Records excerpted from a collection:
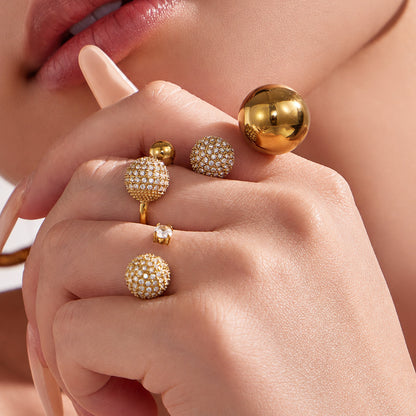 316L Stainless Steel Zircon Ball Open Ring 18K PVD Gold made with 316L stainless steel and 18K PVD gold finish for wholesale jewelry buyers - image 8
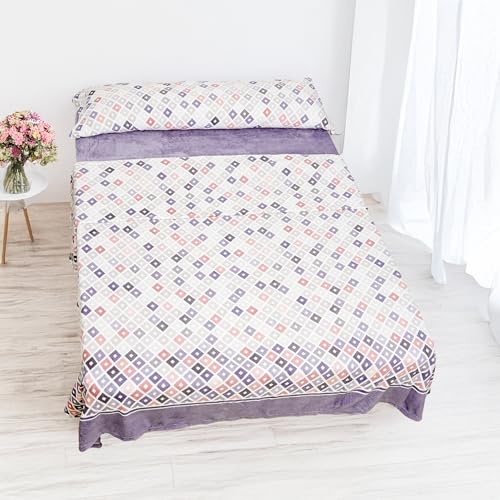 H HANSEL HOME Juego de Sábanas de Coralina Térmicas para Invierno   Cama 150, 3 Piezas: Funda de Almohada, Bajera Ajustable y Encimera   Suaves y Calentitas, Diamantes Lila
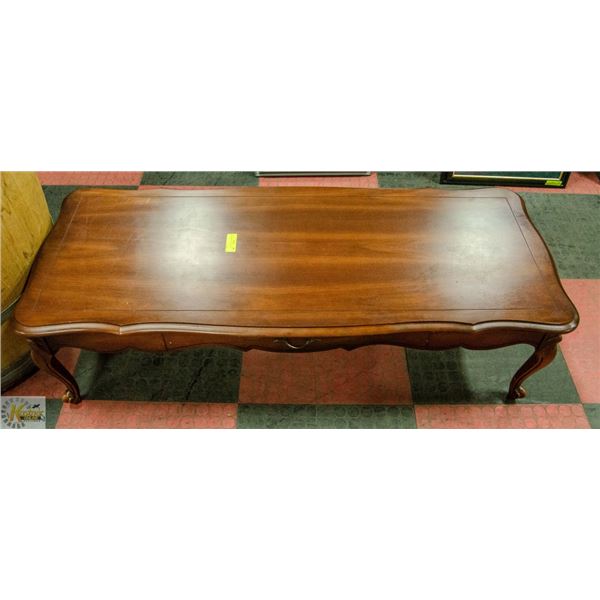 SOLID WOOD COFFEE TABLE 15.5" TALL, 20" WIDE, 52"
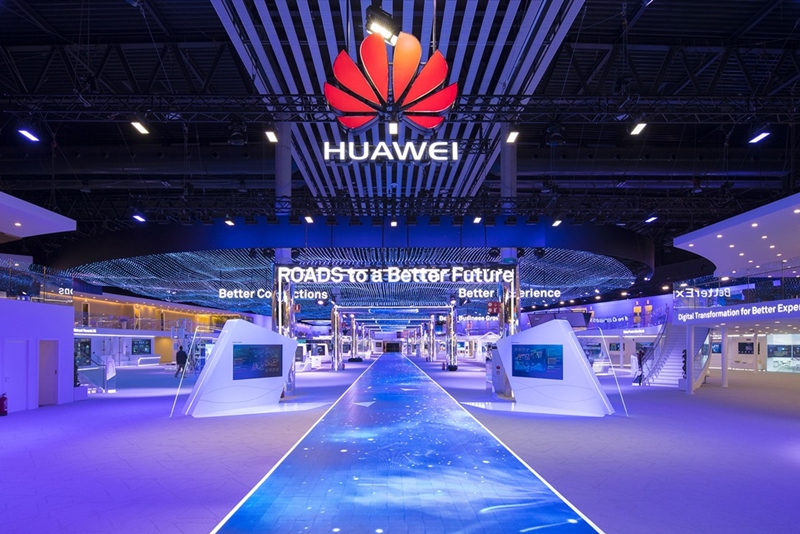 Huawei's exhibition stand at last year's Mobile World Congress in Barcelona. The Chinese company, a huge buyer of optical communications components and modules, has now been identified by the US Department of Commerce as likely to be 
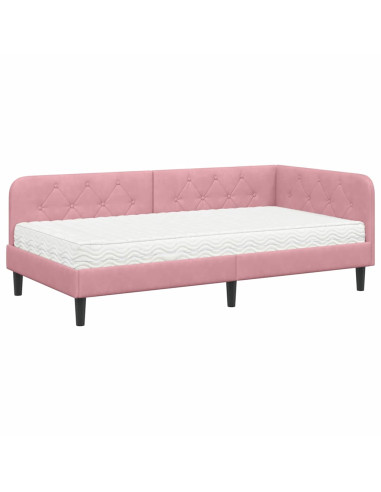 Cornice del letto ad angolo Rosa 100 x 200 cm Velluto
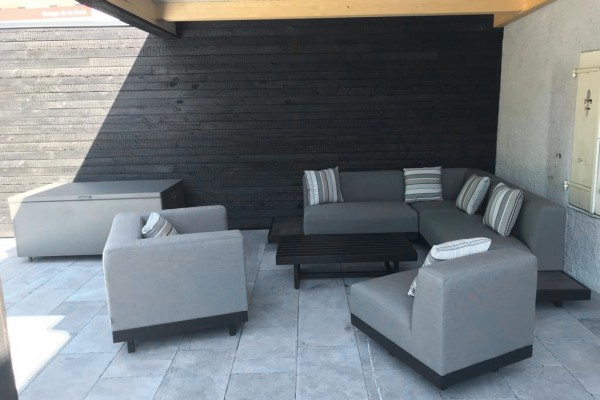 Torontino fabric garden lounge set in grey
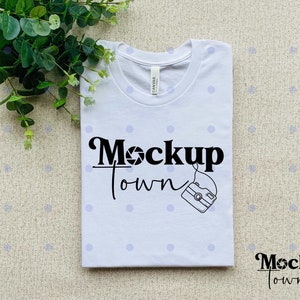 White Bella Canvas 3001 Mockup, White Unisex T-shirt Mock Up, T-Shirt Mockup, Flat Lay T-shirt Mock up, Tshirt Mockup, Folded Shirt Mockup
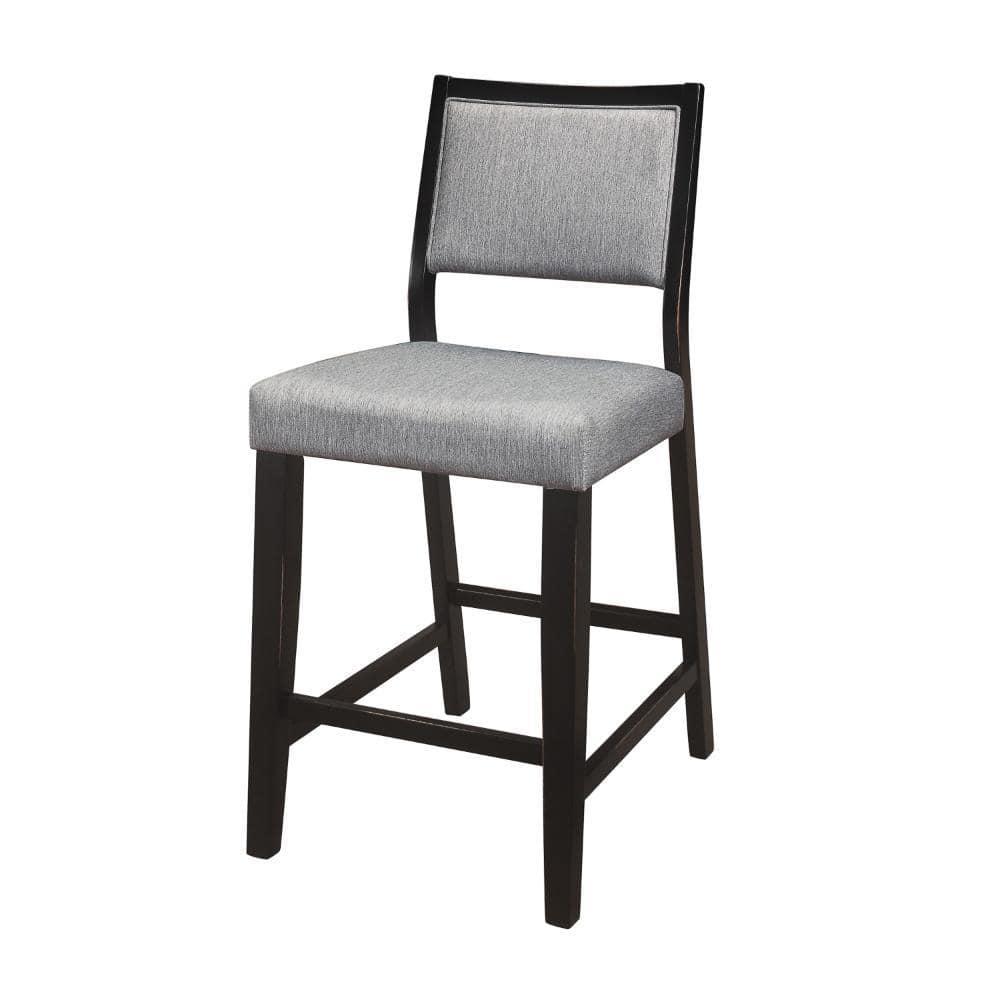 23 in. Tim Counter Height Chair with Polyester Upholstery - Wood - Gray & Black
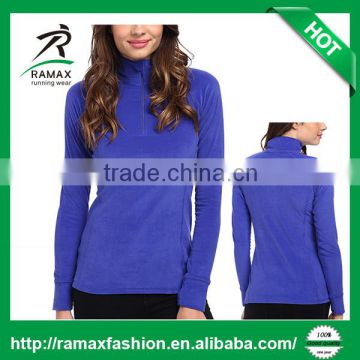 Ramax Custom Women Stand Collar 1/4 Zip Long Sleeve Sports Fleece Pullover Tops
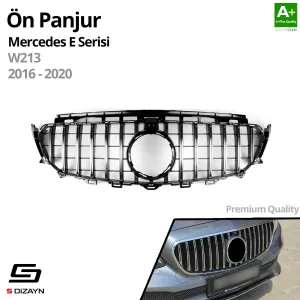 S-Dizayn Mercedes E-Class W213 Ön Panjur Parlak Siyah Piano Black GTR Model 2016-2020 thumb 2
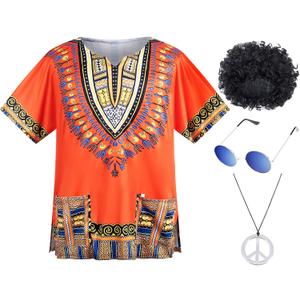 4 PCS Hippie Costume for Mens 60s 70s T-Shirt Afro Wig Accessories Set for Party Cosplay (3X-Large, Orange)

PROBLEM DESCRIPTION: Set down every entry exactly; omit the pictures.

ANSWER SPACE:
 316L Stainless Steel Zircon Ball Open Ring 18K PVD Gold made with 316L stainless steel and 18K PVD gold finish for wholesale jewelry buyers - image 8
 H HANSEL HOME Juego de Sábanas de Coralina Térmicas para Invierno   Cama 150, 3 Piezas: Funda de Almohada, Bajera Ajustable y Encimera   Suaves y Calentitas, Diamantes Lila
 SOLID WOOD COFFEE TABLE 15.5" TALL, 20" WIDE, 52"
 Huawei's exhibition stand at last year's Mobile World Congress in Barcelona. The Chinese company, a huge buyer of optical communications components and modules, has now been identified by the US Department of Commerce as likely to be 
 Cornice del letto ad angolo Rosa 100 x 200 cm Velluto
 Torontino fabric garden lounge set in grey
 White Bella Canvas 3001 Mockup, White Unisex T-shirt Mock Up, T-Shirt Mockup, Flat Lay T-shirt Mock up, Tshirt Mockup, Folded Shirt Mockup
 23 in. Tim Counter Height Chair with Polyester Upholstery - Wood - Gray & Black
 Ramax Custom Women Stand Collar 1/4 Zip Long Sleeve Sports Fleece Pullover Tops
 S-Dizayn Mercedes E-Class W213 Ön Panjur Parlak Siyah Piano Black GTR Model 2016-2020 thumb 2
 4 PCS Hippie Costume for Mens 60s 70s T-Shirt Afro Wig Accessories Set for Party Cosplay (3X-Large, Orange)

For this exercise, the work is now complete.